Re: [stack] Stack analysis (was Another implementation...)

Louis Madon — 2000-08-12 09:43:21

Martin Young wrote:
>
> On Aug 10, 7:40am, madonl@... wrote:
> > Martin Young wrote:
> > > The "analysis if P to determine arity" is provably non-computable, btw.
> >
> > That actually depends on how you define arity. I didn't want to
> > complicate my original explanation too much, but all that the compiler
> > really needs to know is the "shape" of the arity, not neccesarily the
> > concrete number. For example,
> >
> > [pop] [[pop] times] ifte
> >
> > has "shape" pop (pop | pop*)
> >
> > | means alternation
> > * means zero or more
> >
> > * indicates the presence of a "region" - a part of the stack that can
> > grow to an arbitrary size, but for the purpose of something like fork,
> > you treat the whole region as a single "value".
> >
> > This is just control flow analysis and it is definetly computable.
>
> I'm still a little confused. Given a programs P1 and P2:
>
> P1 == [ [ pop ] times ] ] (* pop N values off the stack *)
> P2 == [ dup [ dup ] times ] (* push N, N+1 times *)
>
> I /think/ the arity shape of these is:
>
> P1 : pop*
> P2 : push push*

Not quite, they would be:

P1: pop pop*
P2: pop push push*

If P1 were just "pop*" that would mean that under some circumstances it
could execute without popping anything of the stack. However, it always
first pops the value N of the stack, hence the shape "pop pop*".

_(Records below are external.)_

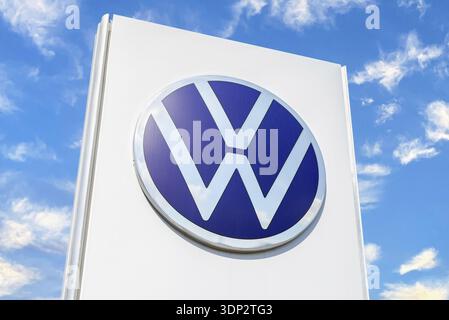 Samara, Russie - 18 juin 2022 : signe de la concession avec le logo de Volkswagen contre le ciel bleu. Volkswagen est le plus grand constructeur automobile allemand Banque D'Images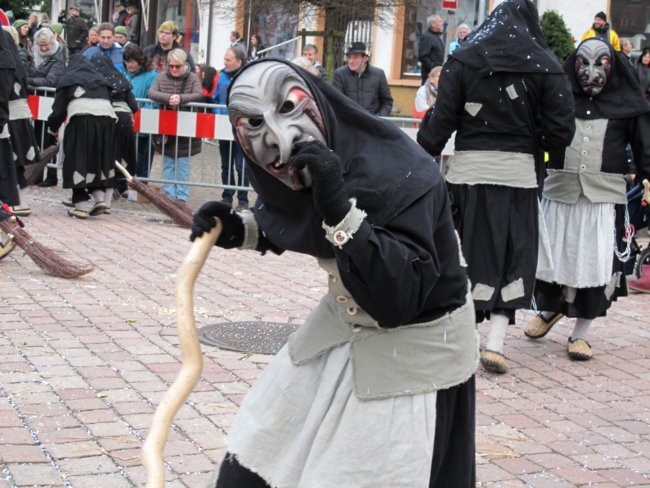 ../previews/117-Gufi-Fastnachtsumzug-2018-138_ji.jpg.medium.jpeg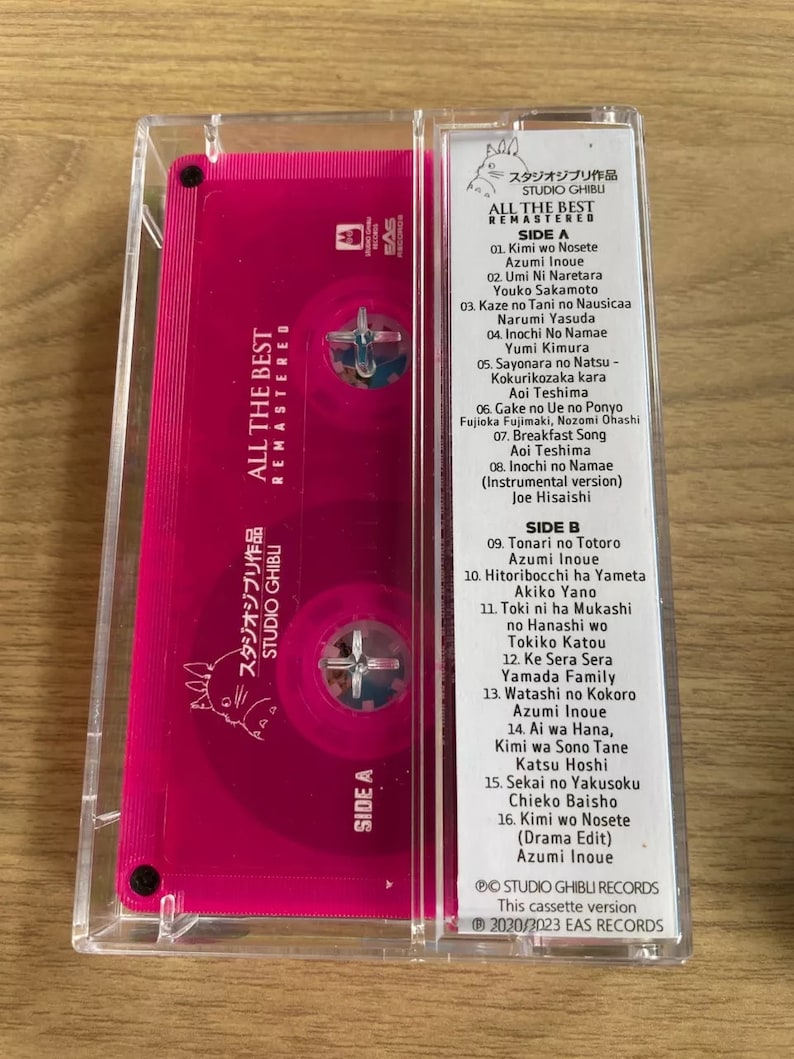 Pu&ograve; includere: Una custodia per cassette rosa con il titolo "All The Best Remastered" e le parole "Studio Ghibli" stampate sul davanti. La custodia presenta un'immagine di Totoro dal film "Il mio vicino Totoro". Il retro della custodia elenca le canzoni sulla cassetta, tra cui "Kimi wo Nosete", "Umi Ni Naretara", "Kaze no Tani no Nausicaa", "Inochi No Namae", "Sayonara no Natsu", "Gake no Ue no Ponyo", "Breakfast Song", "Tonari no Totoro", "Hitoribocchi ha Yameta", "Toki ni ha Mukashi no Hanashi wo", "Ke Sera Sera", "Watashi no Kokoro", "Ai wa Hana, Kimi wa Sono Tane", "Sekai no Yakusoku", "Kimi wo Nosete (Drama Edit)".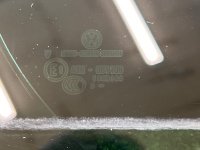 Volkswagen / Golf / Стекло двери (форточка)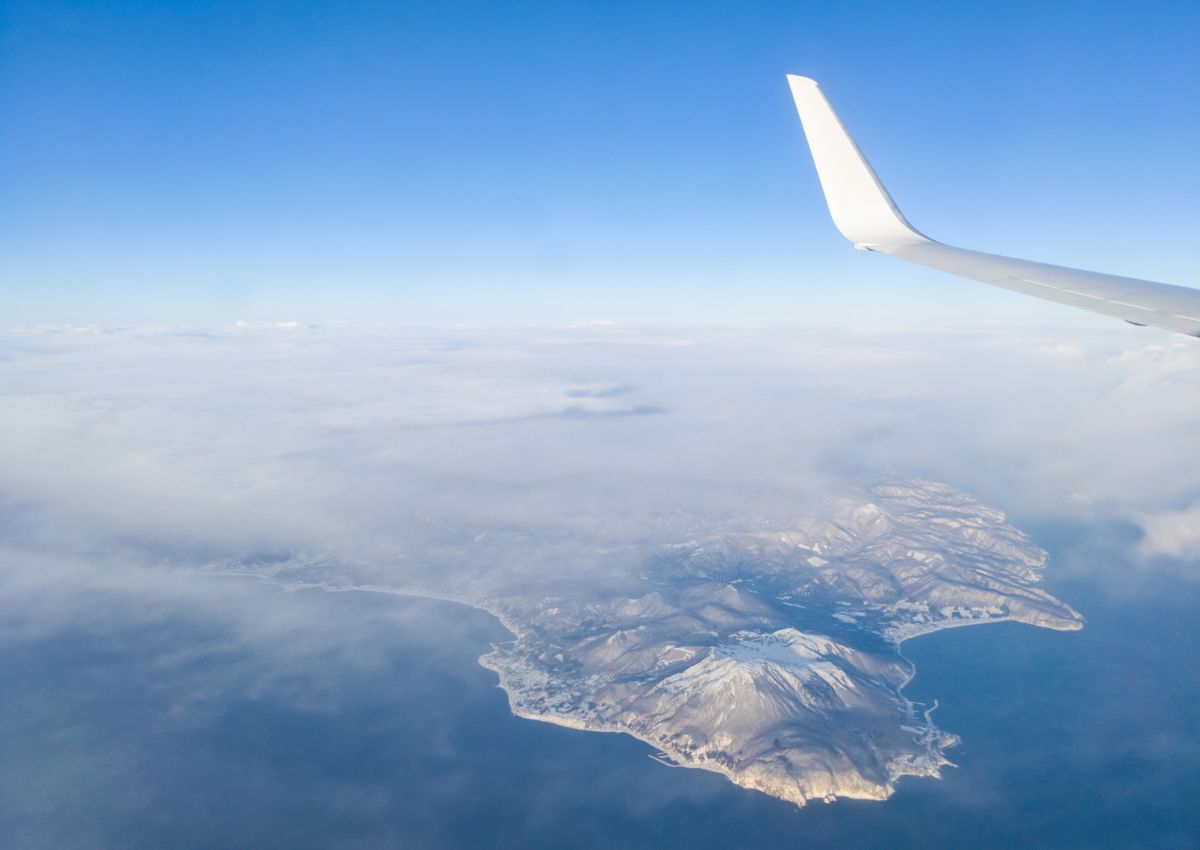 Flygplan över det vintersköna landskapet i Hakodate, Hokkaido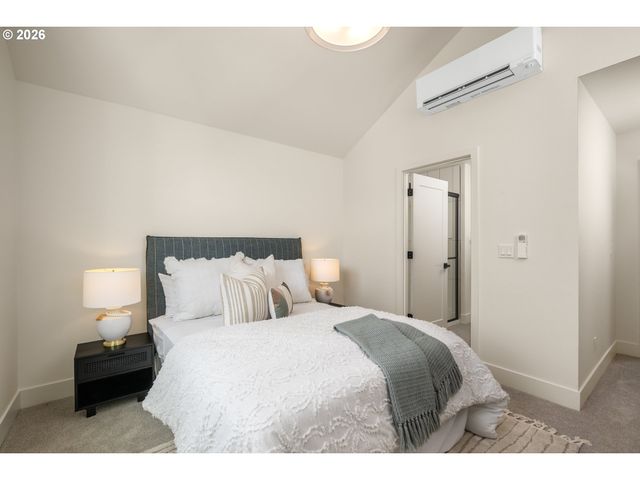 6949 N Burr Ave, Portland, OR 97203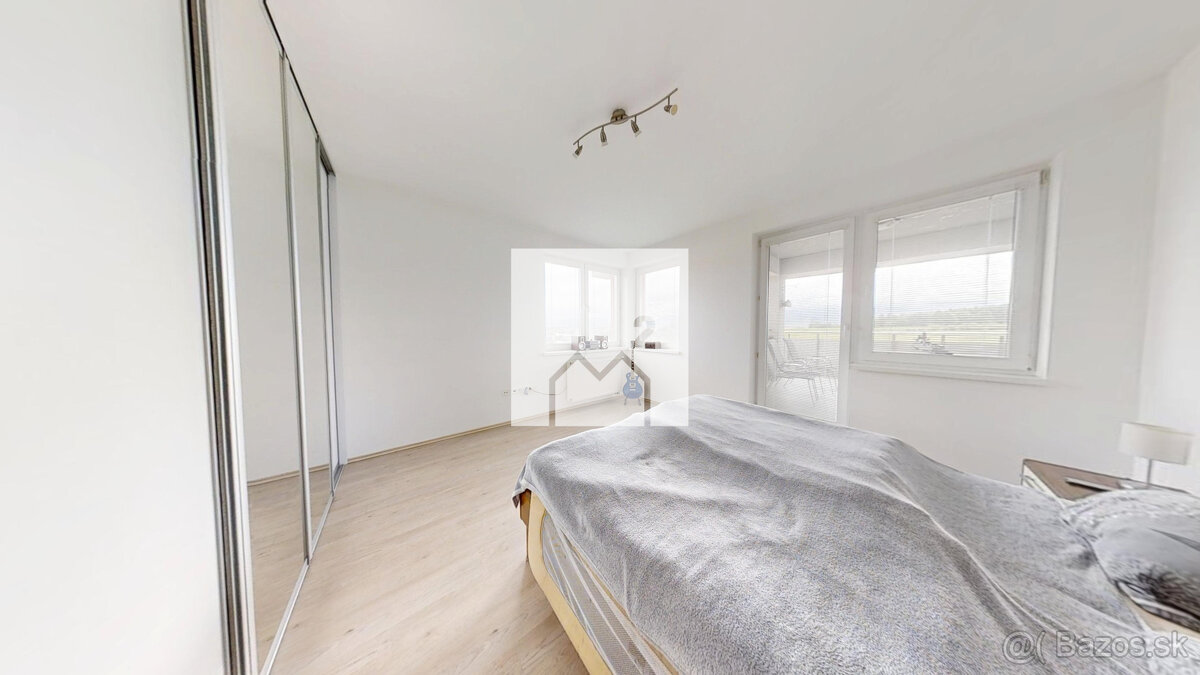 4-izb. byt s veľkou terasou, park. miesto a garáž v cene - 4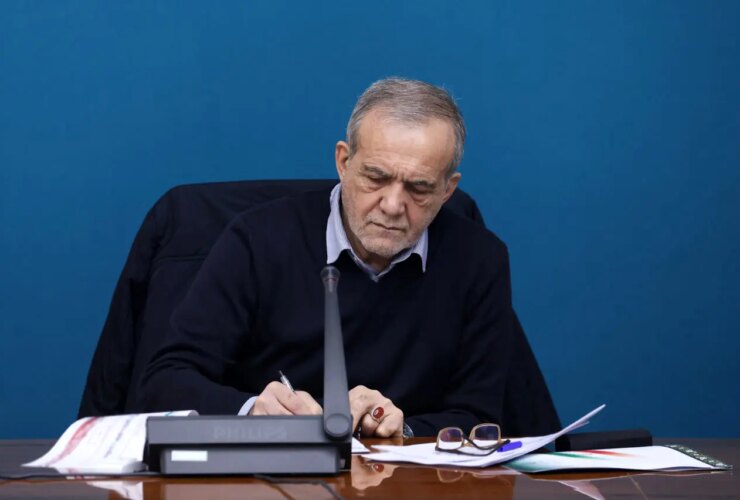 دستورالعمل پزشکان به کلیه وزارتخانه ها و نهادها: پیگیری گفتگو و درخواست با مردم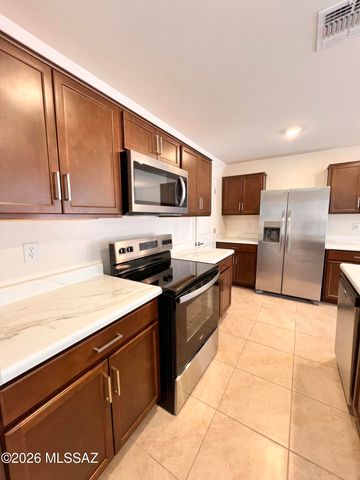 11977 E Chamrod Drive, Vail, AZ 85641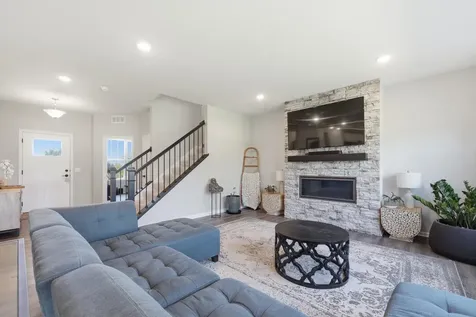 4886 Obsidian Way Victoria MN 55386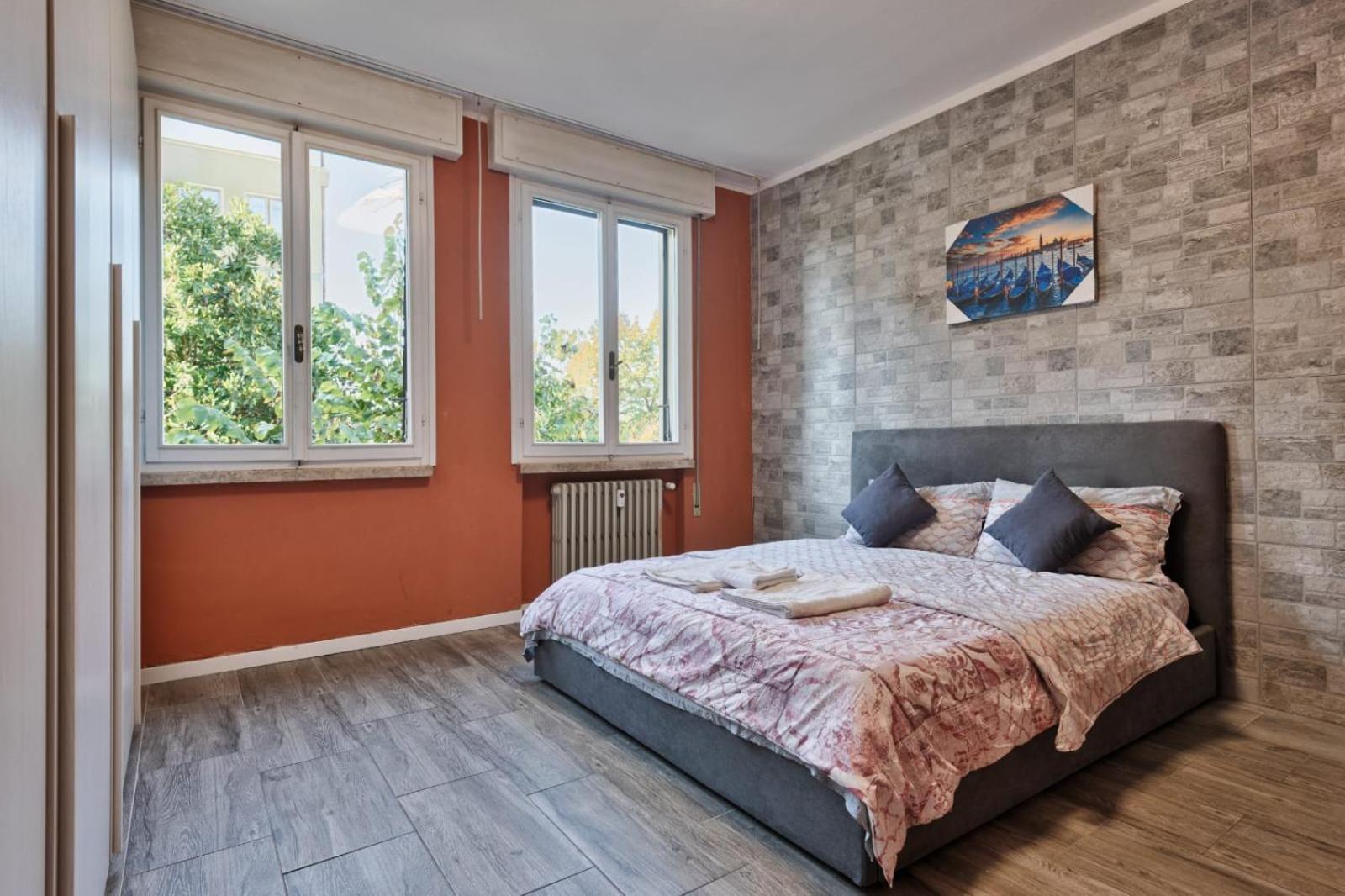 M & M Cozy Venice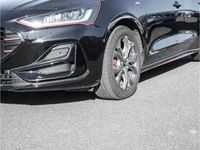 Gebraucht Ford Focus ST-Line 125 PS (91 kW) 2023 Schwarz Limousine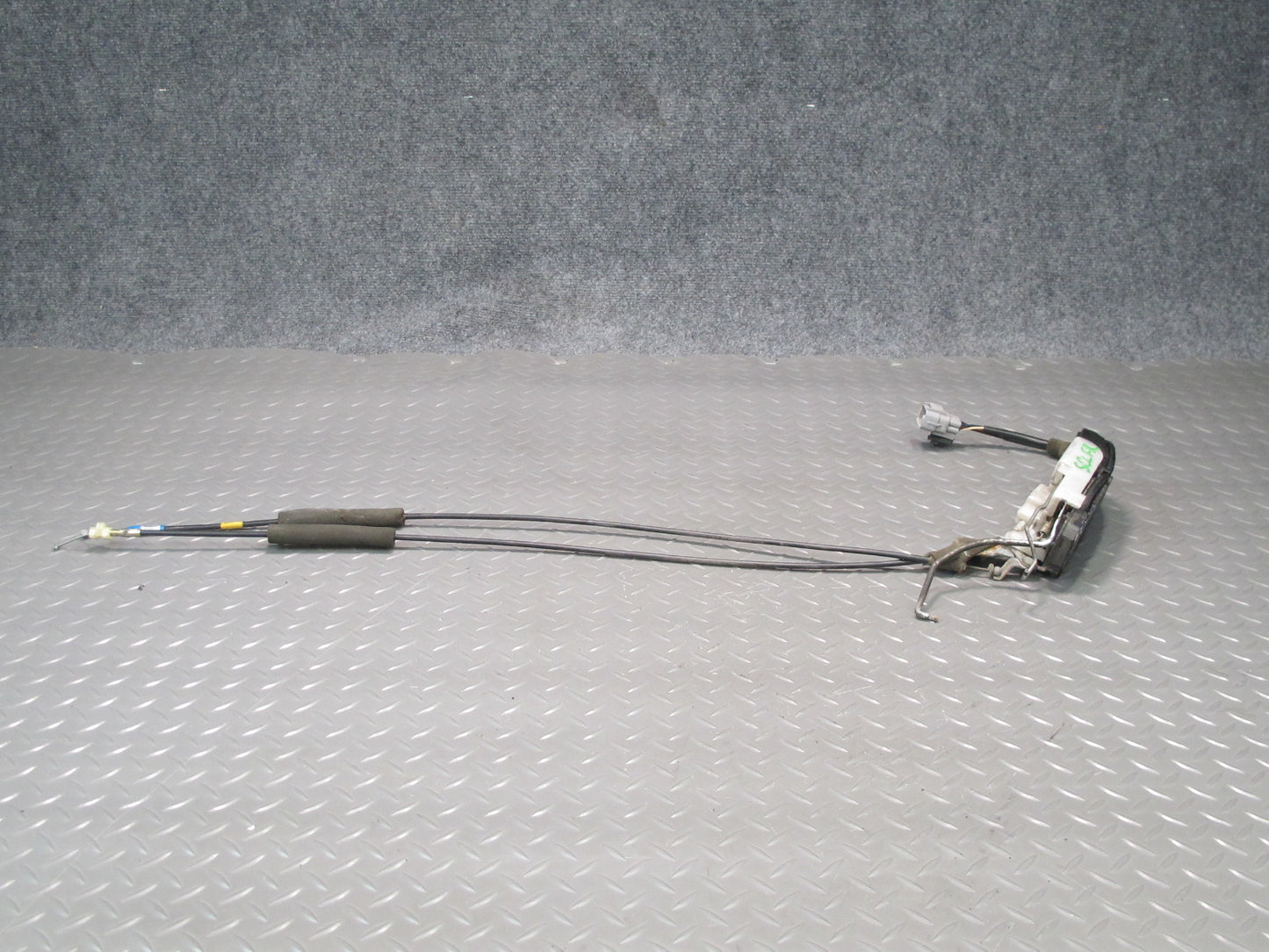 92-00 Lexus UZZ30L SC300 SC400 Front Right Pass Door Lock Latch Actuator OEM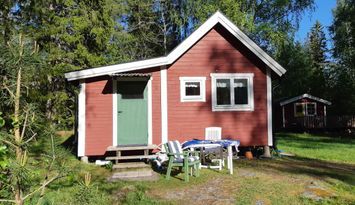 Liten Roslagsidyll nära hav och insjö, Herräng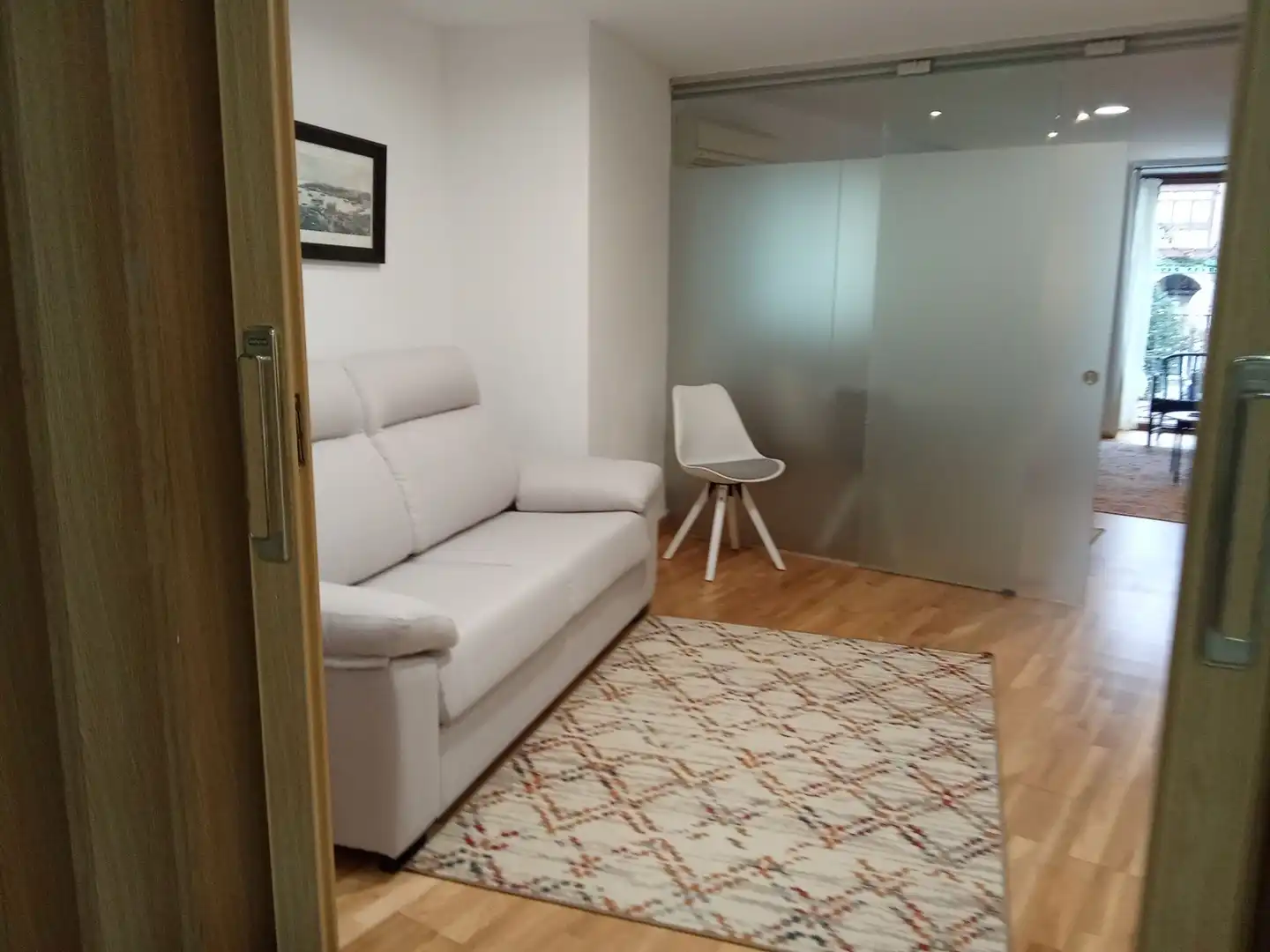Sala de estar de Piso en venta en Torrelavega  con Calefacción, Parquet y Amueblado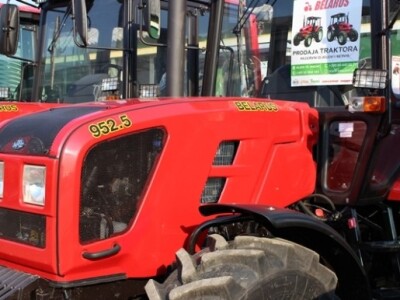 Traktor Belarus 900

I made a similar mistake in my earlier example, [pop] [[pop] times]
ifte, should have shape pop (pop | pop pop*). Each regexp defines a set
of strings (possibly infinite) made up of the symbols pop and push. Each
such string defines the stack effect of a particular program run. The
program could never run in a way that could not be identified with one
of those strings.

For P2, the program must consume one value, though it happens to push it
back. Nonetheless, its neccesary to retain that information so as to
record the dependance on the input value (ie. record a _path_ rather
than an end result).


> If I run these concurrently on the stack [ 7 8 9 2 ] (where 2 is the most
> recently pushed item), I will see these two stacks (S1 and S2 from P1 and P2
> respectively).
>
> S1: [ 7 ]
> S2: [ 7 8 9 2 2 2 ]

Ok.


> What would the final combined stack look like? All we know is that P1 has
> removed 0 or more items and that P2 has added zero or more. How can you tell
> through static analysis how many in each case? For simple examples you could
> decide at run-time by stack marking, I suppose, but this might be inefficient.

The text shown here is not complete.